College charity status reform

Colleges to fall in line with charities and accept audits

Report by Paul Jarvis and Sarah Chadwick in The Oxford Student, 21st November 2002

"SHEER POLITICAL CHEEK" was how Anthony Smith, the President of Magdalen, last week described proposed changes to the college auditing system.

The government document, entitled "Private Action, Public Benefit", is aimed at reforming the Charity Commission, and it means that colleges could be forced to present their accounts to the Commission, something from which universities and colleges, unlike most charities, are currently exempt. Universities, but not colleges, currently present their accounts to the higher education funding councils. Smith, also Vice-President of the University's development programme, was quoted in The Times criticising the plans, describing them as a "threat to academic autonomy."

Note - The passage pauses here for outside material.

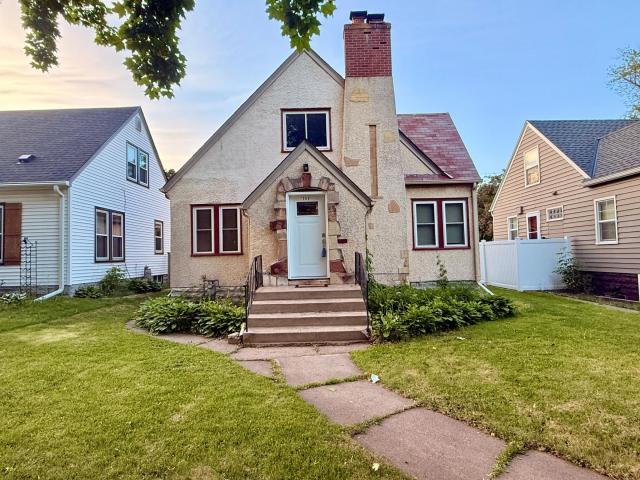 751 Cottage Avenue E Saint Paul MN 55106 - MLS# 7082278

However, speaking to the Oxford Student, Mr Smith played down his opposition, saying, he "simply expressed the fear that the new arrangements would impose another layer of bureaucracy," pointing out that college accounts are already audited. He also admitted that he was not qualified to speak authoritatively about the document, and that his views were just first impressions.

The proposals were praised by philanthropy experts in America, with Harvey Dale, director of the National Center on Philanthropy and the Law at New York University saying, "I wish we had something like it in the States".